Among his many certifications are Emergency medical technician certification and an Instructor's Certification with the Texas Commission on Law Enforcement Office of Standards and Education. He is an ASP Tactical Baton Instructor and a Chemical Aerosol Projector Instructor. In 2006, Ballarta received certification as an Arrest and Control Tactics Instructor at FLETC in Georgia.

==Instruction==

Ballarta has taught the following subjects at specialized schools.

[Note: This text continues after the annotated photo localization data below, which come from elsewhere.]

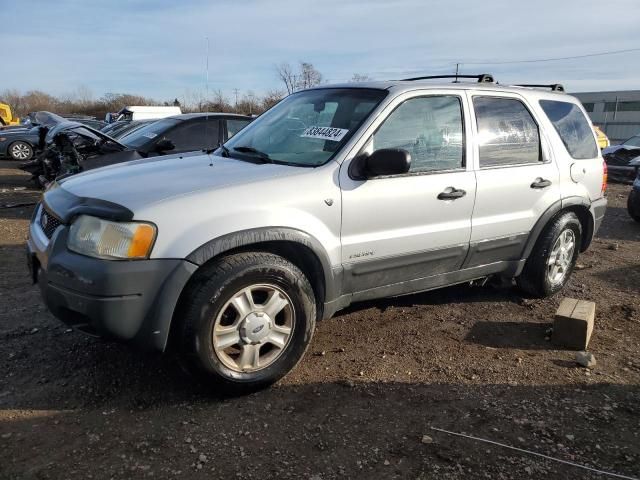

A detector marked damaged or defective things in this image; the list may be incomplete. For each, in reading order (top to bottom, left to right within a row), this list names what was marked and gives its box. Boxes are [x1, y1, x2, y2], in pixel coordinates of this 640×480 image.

damaged car in background [20, 113, 250, 188]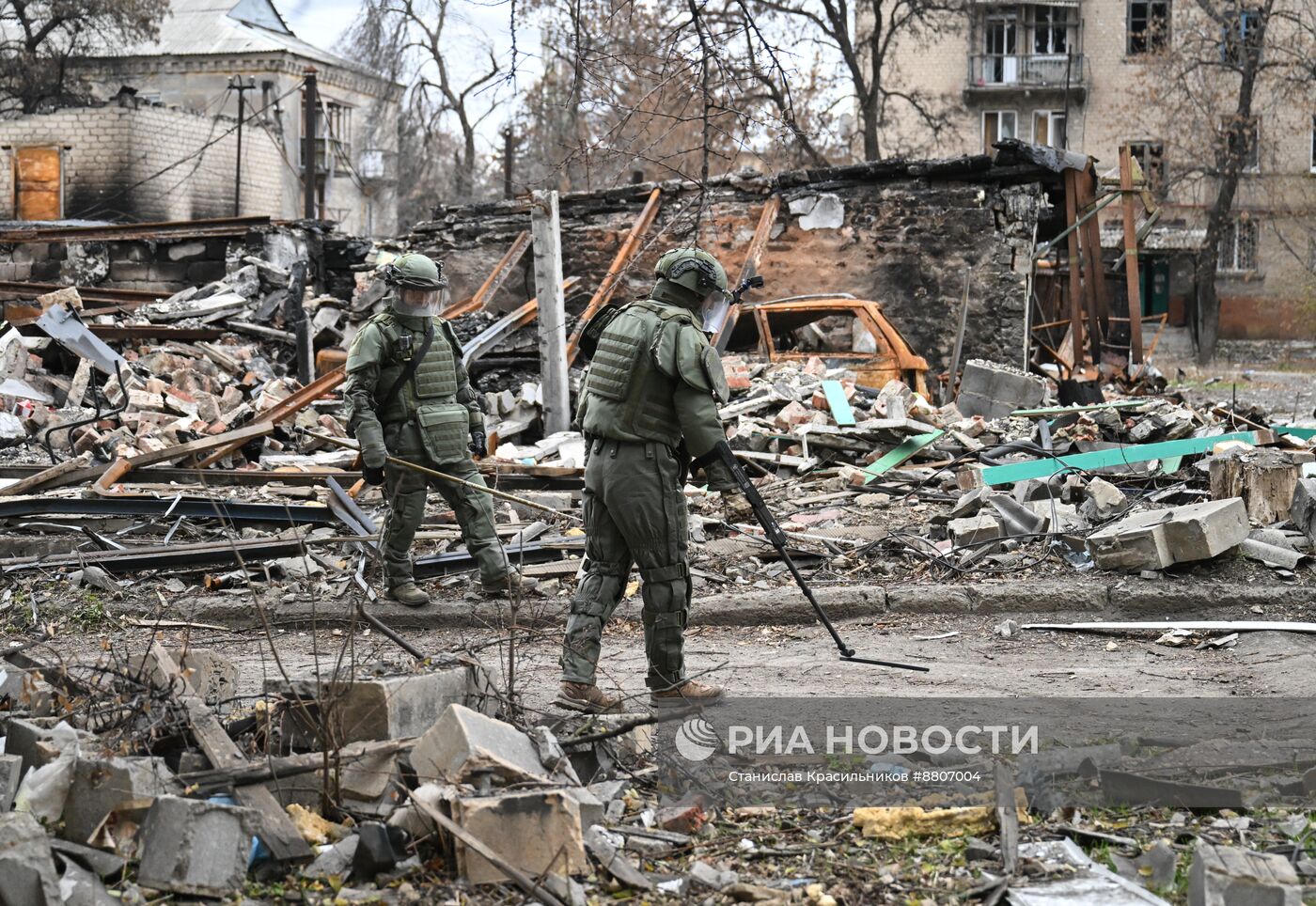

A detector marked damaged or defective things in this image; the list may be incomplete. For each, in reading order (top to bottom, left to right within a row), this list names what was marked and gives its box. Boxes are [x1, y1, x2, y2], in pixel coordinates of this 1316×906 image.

shattered window [1128, 0, 1173, 55]
shattered window [1218, 219, 1256, 273]
burned-out car [726, 297, 929, 397]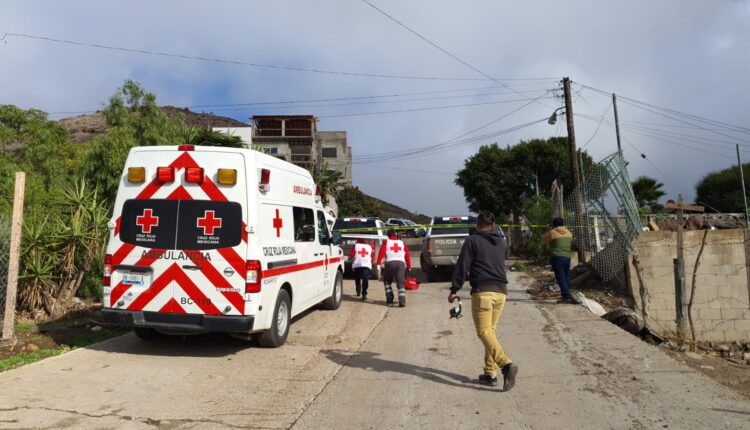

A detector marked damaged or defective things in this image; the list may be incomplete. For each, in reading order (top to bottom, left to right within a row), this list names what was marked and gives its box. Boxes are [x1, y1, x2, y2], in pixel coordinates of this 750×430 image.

cracked asphalt [1, 274, 750, 428]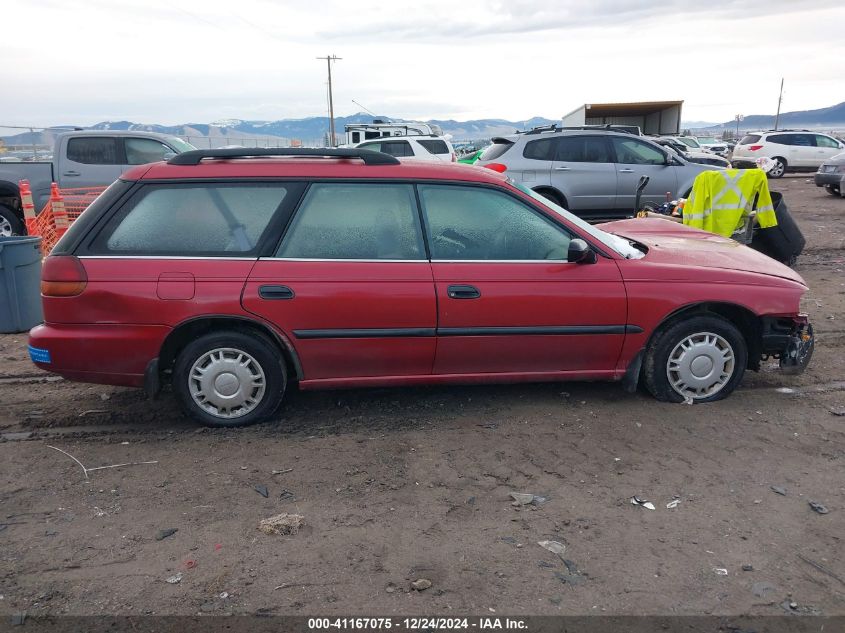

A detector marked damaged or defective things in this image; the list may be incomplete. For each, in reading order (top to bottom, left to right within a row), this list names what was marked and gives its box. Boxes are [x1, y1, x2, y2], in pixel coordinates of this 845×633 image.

damaged front end [760, 314, 812, 372]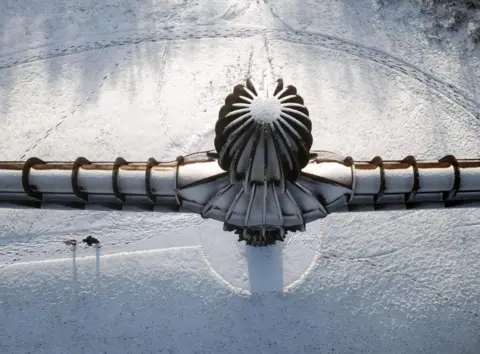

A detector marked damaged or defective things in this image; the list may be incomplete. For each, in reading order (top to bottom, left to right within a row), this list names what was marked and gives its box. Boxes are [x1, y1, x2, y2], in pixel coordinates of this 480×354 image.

- Edged weapon Defense, Philippine National Police
- Defensive Tactics Instructors Course, FBI in Quantico, Virginia
- DEA Recruit School, (also at Quantico)
- DPS SWAT Team
- DPS Narcotics Agents
- DPS Criminal Law Enforcement Agents
- Improvised Survival Weaponry, Mexico Federal Police
- DPS Narcotics Agents (TNCP)
- Handgun retention
- DPS recruit schools
- DPS narcotics
- Officer survival schools
- DPS SWAT
- Baton Tactics
- DPS Recruit School
- Midland Sheriff's Office
- Women's Self Protection, Sul Ross University
- DPS employees, Big Spring, TX. Midland, TX.
- Oleoresin Capsicum spray (OC) training classes
- Survival Ground Tactics

He has been recognized by the FBI Training Academy, Quantico, VA. for his efforts and contribution in the field of Defensive Tactics and developed and instructed the Arnis Baton Tactics class for the Texas DPS Troopers Officer Survival Course (implemented statewide). Before joining the State Police Ballarta was the Head Instructor for Safety Baton Tactics, Permian Basin Law Enforcement Academy.

In 1997, Ballarta helped establish a formal agency alliance between the Philippine National Police and Texas DPS.

==Instructional controversy==
In the A-2005 DPS Recruit School, Ballarta was the instructor during full-contact fighting training called "Active Countermeasures". During this fight, Trooper Trainee Jimmy Carty was fatally injured, dying 10 days later. According to sworn statements, Ballarta was informed of the mis-match in skills of Carty and his opponent, but refused to schedule a different opponent. Ballarta was also the referee during this match and had several opportunities to end the match when it was apparent that Carty was overwhelmed. Since this incident, the DPS had an outside consultant review the training program. After review, the program was modified to mirror the Arrest and Control Tactics of FLETC. The widow of Jimmy Carty has filed a "wrongful death" lawsuit against the DPS.

Case no. 11–40253, Christy Carty V. Texas Department of Public Safety, et al. has a final disposition filed with the 5th Circuit Court on March 14, 2012. Document: 00511788802 indicates the case was dropped. "For the reasons above, we REVERSE and RENDER in favor of Defendants on the remaining claim against them based on qualified immunity. We REMAND for further proceedings consistent with this opinion." 6 This court ruled that the district court abused its discretion in not addressing Defendants’ motion for Plaintiff to file a reply under Fed. R. Civ. P. 7(a) to Defendants’ answer raising the qualified immunity defense and instructed the district court to order Plaintiff to file such a reply."

==Personal security==
Ballarta is also head of security for cyclist Lance Armstrong. Ballarta performed security duty for George W. Bush.